*EXERCISE BRIEF*. Lines below starting with the line with "A dish with" and going on through the line with "Moi et mes adeptes" must be output exactly; the rest of the records must be left out.

*RECORDS SHOWN*.
+--
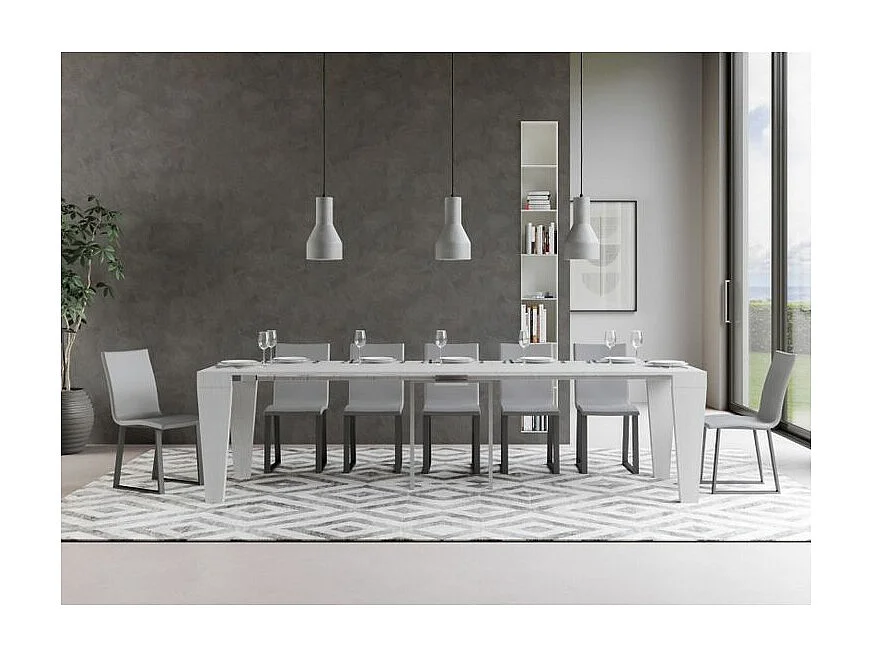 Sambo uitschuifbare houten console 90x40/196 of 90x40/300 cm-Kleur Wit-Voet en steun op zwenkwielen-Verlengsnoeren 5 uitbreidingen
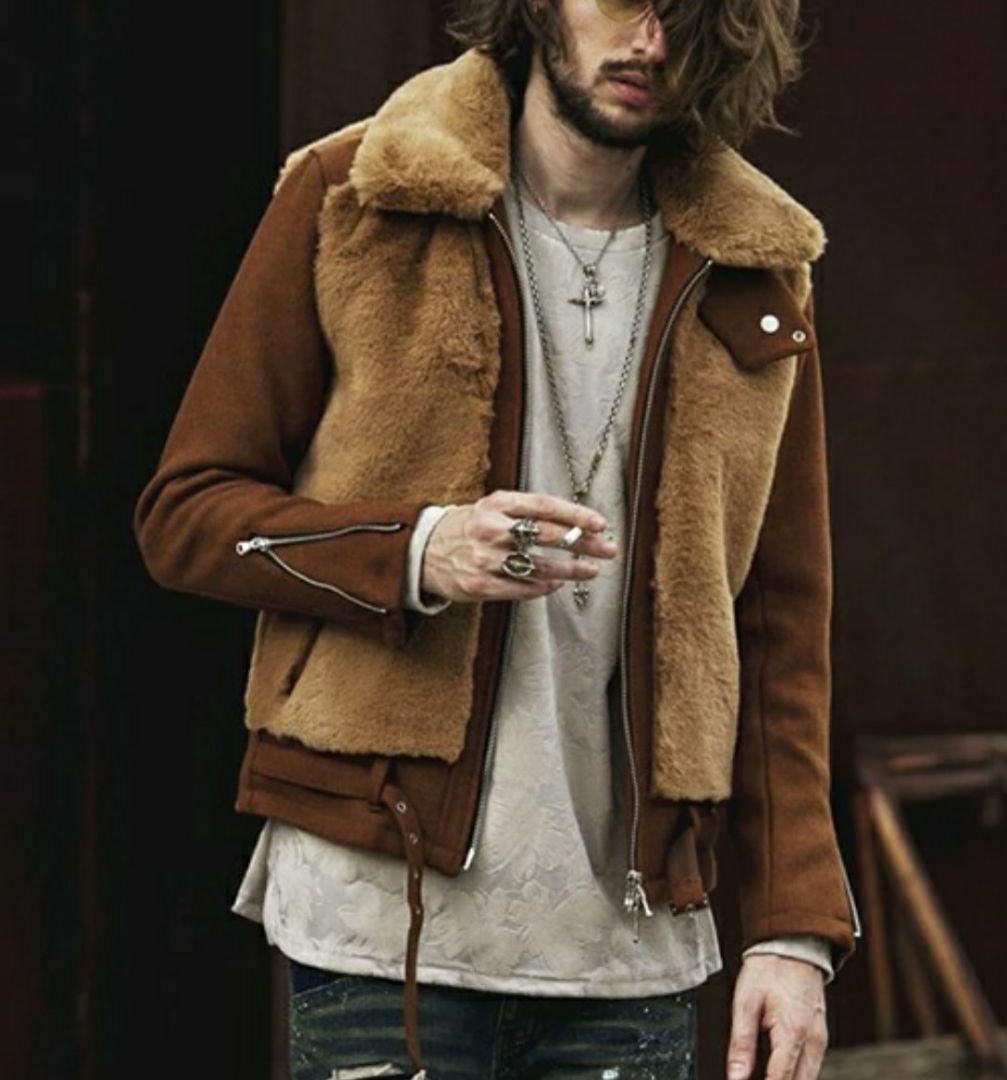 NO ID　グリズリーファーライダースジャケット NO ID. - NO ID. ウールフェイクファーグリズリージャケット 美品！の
+--
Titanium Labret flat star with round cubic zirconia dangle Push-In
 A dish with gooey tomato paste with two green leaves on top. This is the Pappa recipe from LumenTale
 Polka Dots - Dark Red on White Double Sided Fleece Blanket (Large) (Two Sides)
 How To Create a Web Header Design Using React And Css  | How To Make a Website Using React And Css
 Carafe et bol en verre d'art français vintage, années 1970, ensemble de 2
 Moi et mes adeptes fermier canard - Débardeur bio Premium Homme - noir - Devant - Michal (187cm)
+--
*RESPONSE FOR THIS EXERCISE*.
 A dish with gooey tomato paste with two green leaves on top. This is the Pappa recipe from LumenTale
 Polka Dots - Dark Red on White Double Sided Fleece Blanket (Large) (Two Sides)
 How To Create a Web Header Design Using React And Css  | How To Make a Website Using React And Css
 Carafe et bol en verre d'art français vintage, années 1970, ensemble de 2
 Moi et mes adeptes fermier canard - Débardeur bio Premium Homme - noir - Devant - Michal (187cm)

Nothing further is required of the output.